### Records for processing

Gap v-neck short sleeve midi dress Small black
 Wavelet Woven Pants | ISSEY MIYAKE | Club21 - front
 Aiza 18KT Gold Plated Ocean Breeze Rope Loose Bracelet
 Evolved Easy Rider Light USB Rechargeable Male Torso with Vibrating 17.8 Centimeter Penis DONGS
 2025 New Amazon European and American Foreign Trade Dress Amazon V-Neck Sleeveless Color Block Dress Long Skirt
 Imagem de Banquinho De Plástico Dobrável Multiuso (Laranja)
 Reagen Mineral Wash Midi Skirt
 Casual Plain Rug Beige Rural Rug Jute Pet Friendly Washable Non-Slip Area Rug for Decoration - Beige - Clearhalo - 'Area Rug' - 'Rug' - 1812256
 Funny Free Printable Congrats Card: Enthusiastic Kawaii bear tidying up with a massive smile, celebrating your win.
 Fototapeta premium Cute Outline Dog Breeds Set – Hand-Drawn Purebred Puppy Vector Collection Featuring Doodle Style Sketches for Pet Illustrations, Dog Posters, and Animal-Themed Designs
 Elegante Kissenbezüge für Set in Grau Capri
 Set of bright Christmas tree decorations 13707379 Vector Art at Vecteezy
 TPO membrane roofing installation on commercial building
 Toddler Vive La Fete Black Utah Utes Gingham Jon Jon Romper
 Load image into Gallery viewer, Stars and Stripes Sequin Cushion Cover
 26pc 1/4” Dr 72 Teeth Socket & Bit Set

######

-- Problem details --
Using the entries above, give again exactly the lines from the line holding "Evolved Easy Rider" through the line holding "Casual Plain Rug". Include both end lines and nothing else.

-- Solved problem --
 Evolved Easy Rider Light USB Rechargeable Male Torso with Vibrating 17.8 Centimeter Penis DONGS
 2025 New Amazon European and American Foreign Trade Dress Amazon V-Neck Sleeveless Color Block Dress Long Skirt
 Imagem de Banquinho De Plástico Dobrável Multiuso (Laranja)
 Reagen Mineral Wash Midi Skirt
 Casual Plain Rug Beige Rural Rug Jute Pet Friendly Washable Non-Slip Area Rug for Decoration - Beige - Clearhalo - 'Area Rug' - 'Rug' - 1812256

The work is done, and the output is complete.